A close up of a microphone
Photo by Allison Baker
Live Hit
Photo by Allison Baker

CBC Montreal reporter Tanya Birkbeck was operating her own camera and interviewing a jersey-clad football fan in front of the Percival Molson Memorial Stadium in downtown Montreal. What happened next would leave her feeling violated. A young bearded man wearing a baseball cap, sunglasses and black hoodie approached, stared straight into the lens and yelled, “Fuck her right in the pussy!”

Five seconds later, another man, also dressed in black, jumped into the frame and repeated the vulgarity. That crisp day in November 2014 was the first time this had happened to her, but before long, being the target of the phrase—known as FHRITP and based on a YouTube video of a prank—became an all-too-common experience for Birkbeck and many other reporters. “It felt personal,” Birkbeck wrote in a cbc.ca op-ed.Not just a catchphrase, but more of a taunt suggesting that the men around me, instead of talking to me, should be, you know, raping me.”
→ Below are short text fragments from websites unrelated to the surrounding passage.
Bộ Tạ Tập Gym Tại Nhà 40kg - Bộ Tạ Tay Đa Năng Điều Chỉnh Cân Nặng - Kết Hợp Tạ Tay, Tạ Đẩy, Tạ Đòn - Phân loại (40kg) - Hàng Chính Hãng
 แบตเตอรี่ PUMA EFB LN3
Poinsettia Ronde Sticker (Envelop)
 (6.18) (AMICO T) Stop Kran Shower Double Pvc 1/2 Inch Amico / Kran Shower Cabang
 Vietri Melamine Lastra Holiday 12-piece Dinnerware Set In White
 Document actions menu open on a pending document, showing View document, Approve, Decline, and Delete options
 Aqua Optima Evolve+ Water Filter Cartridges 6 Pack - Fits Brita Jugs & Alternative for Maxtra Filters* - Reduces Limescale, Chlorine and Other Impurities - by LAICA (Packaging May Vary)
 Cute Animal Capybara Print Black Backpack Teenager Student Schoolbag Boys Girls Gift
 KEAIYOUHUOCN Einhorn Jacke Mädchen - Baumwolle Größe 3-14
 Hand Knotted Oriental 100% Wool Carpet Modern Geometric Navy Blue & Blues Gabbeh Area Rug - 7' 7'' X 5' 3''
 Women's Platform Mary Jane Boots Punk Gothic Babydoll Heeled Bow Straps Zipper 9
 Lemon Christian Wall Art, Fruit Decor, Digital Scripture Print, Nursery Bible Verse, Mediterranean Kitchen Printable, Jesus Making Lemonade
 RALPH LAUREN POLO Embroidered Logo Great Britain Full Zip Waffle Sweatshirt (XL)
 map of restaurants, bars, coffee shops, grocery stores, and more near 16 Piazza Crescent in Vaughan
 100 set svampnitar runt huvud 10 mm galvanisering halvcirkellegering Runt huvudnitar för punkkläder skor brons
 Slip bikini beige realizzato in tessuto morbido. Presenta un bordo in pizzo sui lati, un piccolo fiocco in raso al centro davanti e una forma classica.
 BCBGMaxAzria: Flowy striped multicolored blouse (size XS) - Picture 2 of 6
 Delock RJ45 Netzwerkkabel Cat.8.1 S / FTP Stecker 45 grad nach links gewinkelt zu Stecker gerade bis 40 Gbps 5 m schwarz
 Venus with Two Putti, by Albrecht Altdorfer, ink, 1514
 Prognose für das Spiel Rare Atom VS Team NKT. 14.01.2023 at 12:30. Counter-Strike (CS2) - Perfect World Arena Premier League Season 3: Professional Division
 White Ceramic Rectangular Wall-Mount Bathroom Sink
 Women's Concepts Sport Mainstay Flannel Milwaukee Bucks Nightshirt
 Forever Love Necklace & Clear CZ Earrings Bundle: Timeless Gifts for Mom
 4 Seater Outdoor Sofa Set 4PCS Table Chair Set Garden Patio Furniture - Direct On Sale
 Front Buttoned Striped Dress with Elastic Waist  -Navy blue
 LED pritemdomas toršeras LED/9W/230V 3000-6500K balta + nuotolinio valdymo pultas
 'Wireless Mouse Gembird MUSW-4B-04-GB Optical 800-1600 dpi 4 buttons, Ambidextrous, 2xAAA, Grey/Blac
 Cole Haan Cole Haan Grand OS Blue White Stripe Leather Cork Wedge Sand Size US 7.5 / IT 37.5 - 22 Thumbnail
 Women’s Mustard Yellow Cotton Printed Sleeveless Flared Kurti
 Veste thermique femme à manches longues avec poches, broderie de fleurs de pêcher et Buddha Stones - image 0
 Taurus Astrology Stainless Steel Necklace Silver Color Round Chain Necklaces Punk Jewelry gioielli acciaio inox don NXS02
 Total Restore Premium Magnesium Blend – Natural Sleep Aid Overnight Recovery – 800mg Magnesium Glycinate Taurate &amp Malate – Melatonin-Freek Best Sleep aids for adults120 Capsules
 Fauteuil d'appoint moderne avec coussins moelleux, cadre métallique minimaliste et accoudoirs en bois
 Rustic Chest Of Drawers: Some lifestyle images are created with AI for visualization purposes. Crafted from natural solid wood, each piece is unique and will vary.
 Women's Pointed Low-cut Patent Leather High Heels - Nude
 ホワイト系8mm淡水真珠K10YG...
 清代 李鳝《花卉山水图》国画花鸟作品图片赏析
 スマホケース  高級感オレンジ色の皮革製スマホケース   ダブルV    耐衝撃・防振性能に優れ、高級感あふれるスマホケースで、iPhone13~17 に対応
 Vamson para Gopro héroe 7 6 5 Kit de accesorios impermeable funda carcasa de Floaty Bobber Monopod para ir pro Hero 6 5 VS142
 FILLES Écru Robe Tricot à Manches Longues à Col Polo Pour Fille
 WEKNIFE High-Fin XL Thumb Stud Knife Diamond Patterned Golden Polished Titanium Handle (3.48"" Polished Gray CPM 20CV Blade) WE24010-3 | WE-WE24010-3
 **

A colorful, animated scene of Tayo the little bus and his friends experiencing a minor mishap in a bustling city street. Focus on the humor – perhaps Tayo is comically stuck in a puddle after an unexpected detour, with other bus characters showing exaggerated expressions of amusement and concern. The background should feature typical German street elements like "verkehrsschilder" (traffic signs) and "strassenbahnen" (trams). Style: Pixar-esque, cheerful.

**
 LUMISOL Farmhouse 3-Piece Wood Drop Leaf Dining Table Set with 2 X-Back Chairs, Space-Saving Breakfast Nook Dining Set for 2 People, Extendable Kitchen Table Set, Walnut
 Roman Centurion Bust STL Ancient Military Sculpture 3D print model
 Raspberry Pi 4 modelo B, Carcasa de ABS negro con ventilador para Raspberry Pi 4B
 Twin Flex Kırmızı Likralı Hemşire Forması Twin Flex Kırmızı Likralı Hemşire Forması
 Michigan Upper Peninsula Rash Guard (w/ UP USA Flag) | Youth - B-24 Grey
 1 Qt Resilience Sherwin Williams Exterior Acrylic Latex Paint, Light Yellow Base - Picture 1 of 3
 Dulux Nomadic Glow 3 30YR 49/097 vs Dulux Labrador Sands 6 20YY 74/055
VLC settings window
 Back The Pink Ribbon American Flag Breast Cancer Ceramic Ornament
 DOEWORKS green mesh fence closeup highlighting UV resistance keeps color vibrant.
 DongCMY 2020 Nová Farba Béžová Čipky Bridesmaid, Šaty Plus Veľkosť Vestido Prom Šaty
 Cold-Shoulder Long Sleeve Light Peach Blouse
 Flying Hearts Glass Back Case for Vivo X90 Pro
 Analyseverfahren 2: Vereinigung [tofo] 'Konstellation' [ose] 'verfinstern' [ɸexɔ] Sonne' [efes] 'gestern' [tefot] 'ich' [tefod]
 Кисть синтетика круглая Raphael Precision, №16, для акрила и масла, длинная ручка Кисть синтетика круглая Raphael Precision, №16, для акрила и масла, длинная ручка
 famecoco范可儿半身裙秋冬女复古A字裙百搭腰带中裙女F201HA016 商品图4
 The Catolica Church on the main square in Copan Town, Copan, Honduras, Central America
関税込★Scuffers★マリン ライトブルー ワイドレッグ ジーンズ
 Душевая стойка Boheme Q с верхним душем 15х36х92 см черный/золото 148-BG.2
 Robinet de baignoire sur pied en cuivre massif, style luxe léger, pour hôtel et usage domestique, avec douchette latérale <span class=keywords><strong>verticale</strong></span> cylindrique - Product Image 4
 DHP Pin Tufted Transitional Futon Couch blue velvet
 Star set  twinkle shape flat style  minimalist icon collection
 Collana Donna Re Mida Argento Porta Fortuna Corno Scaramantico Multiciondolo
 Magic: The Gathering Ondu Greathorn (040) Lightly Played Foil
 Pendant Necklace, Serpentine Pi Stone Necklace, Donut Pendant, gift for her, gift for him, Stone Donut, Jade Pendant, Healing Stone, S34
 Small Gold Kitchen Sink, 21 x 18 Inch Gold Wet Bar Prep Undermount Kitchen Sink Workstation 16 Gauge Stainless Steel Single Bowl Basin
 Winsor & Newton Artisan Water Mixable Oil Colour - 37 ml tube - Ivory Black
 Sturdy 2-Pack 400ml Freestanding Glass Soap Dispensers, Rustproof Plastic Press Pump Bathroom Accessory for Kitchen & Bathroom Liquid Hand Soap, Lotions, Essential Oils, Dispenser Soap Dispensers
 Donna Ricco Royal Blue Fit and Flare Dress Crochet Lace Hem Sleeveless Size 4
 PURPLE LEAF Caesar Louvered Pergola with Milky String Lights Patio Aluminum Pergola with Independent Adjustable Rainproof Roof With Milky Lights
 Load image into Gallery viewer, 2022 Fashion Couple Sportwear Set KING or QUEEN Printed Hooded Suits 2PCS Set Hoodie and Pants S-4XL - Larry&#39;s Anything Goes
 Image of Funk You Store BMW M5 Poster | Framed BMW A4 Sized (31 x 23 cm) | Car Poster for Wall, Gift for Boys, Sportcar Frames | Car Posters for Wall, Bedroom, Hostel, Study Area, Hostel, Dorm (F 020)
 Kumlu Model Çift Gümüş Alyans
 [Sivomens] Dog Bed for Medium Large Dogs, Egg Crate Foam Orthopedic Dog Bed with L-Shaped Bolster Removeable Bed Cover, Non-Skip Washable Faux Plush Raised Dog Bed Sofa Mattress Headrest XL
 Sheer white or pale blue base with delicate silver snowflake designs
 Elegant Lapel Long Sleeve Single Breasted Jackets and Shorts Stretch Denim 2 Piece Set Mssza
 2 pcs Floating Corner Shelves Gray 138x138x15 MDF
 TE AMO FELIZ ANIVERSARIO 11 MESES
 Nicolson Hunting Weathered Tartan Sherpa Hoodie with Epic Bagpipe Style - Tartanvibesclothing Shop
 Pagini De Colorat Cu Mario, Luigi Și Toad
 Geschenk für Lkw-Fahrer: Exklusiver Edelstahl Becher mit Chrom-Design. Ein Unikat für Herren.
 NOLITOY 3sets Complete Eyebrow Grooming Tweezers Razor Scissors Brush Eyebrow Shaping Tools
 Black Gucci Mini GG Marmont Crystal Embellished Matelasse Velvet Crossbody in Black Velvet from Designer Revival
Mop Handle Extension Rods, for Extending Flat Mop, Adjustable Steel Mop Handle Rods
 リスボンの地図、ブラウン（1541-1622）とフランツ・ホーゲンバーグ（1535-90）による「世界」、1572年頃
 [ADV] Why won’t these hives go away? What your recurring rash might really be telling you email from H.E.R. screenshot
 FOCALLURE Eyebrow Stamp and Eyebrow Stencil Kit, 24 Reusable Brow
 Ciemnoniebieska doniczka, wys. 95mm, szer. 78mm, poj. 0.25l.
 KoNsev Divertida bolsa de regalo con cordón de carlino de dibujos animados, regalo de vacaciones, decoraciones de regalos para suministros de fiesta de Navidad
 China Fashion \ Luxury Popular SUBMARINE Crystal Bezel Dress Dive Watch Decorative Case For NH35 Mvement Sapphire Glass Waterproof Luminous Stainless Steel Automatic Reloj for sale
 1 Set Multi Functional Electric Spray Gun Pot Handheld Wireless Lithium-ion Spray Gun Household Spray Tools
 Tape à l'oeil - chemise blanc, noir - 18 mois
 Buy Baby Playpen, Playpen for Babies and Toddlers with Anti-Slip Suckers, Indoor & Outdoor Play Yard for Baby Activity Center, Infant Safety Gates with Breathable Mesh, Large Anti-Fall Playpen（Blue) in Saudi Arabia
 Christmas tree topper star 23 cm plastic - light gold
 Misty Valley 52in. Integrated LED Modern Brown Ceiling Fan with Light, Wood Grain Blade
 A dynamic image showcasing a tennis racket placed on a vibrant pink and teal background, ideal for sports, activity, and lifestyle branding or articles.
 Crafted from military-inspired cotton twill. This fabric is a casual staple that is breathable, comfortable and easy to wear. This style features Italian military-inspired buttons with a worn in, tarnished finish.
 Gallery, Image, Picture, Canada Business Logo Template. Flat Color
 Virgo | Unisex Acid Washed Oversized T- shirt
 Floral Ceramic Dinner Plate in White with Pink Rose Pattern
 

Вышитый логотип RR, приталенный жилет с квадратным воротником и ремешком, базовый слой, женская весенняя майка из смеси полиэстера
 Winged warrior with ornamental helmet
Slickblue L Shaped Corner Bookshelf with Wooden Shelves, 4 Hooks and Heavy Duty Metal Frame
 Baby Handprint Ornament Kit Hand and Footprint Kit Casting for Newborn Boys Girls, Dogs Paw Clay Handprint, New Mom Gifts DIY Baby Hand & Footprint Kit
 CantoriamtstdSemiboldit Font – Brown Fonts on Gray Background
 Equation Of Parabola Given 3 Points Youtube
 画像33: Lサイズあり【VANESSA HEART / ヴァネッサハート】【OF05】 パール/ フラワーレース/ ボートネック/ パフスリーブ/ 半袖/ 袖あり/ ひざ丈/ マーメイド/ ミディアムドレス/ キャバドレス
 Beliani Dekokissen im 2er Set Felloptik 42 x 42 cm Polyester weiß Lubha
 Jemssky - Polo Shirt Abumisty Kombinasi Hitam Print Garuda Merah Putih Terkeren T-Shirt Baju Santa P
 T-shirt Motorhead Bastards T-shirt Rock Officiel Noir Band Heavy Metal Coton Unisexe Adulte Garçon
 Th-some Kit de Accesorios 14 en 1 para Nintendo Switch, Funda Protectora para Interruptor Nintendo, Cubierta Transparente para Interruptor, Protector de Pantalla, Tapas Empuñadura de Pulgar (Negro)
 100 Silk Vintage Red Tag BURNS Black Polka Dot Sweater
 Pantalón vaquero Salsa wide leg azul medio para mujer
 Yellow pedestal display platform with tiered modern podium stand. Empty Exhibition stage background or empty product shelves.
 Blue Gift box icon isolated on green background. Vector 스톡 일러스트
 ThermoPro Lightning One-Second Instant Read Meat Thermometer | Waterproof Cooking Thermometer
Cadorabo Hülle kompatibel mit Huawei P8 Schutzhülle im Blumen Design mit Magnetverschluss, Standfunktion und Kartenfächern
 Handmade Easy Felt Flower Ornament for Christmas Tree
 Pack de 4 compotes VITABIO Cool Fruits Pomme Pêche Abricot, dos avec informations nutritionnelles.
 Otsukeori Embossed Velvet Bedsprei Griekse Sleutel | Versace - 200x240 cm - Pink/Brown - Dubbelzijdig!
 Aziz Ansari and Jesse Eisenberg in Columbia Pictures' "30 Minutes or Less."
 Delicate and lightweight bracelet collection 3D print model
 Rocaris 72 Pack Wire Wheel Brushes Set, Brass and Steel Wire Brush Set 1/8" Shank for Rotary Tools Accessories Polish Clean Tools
Many reporters, male and female, have also spoken out about how it feels to be subjected to FHRITP. “When you invade my space, grab my mike and yell that, you’re not just disrespecting my space as a working journalist,” the Calgary Herald’s Erika M. Stark wrote in an April 2015 Storify post. “You’re disrespecting and harming me as an individual. And, in this case, you’re disrespecting someone who has survived sexual assault.”

People have always shouted and waved in front of television cameras—it’s impossible to make sure live hits are never interrupted. But menacing, sexually-charged intrusions can be particularly distracting and upsetting for TV reporters, not to mention offensive to viewers. CBC has responded by providing a list of recommendations for how its reporters should handle sexual harassment in the field. These guidelines are a good first step, but nothing newsrooms can do will be enough to control outsiders’ behaviour and prevent verbal sexual assault. The only way it will stop is to educate people—especially young men—about why demeaning women is not okay, but one of the recommendations may actually get in the way of that.

In spring 2015, Brenda Murray, a senior producer at CBC in Toronto, was worried about how often FHRITP would happen during the summer, when live hits in the middle of crowds are more frequent because of the warmer weather and greater number of outdoor events. “I wanted to see that the corporation showed that we were engaged,” she says, “and any sort of armour that we could prepare the reporters with, the better.”

She forged that armour as part of a 12-person committee—unofficially called the National Safety in the Field Committee—of reporters, editors, executives and HR staff that met to decide how to protect reporters from FHRITP and other forms of harassment. Some members, including Birkbeck in Montreal, joined in through a conference call with the Toronto-based staff. The committee gathered information and ideas from journalists, lawyers, police officers and security professionals. In June, it released recommendations for dealing with field harassment. Training for reporters is in the works, though no start date has been announced.

The strategies, which have been shared with CTV, City and Global, include asking event security to stand nearby, documenting all incidents and not confronting a harasser. “We don’t want to escalate the situation,” the memo sent to CBC staff reads. “Your safety is paramount, and it’s hard to predict how individuals might react to words or gestures which could be seen as provocative.” Greg Reaume, managing editor of CBC news coverage, says choosing how to react in the moment is an individual decision. But this controversial part of the memo pushes reporters in a more passive direction.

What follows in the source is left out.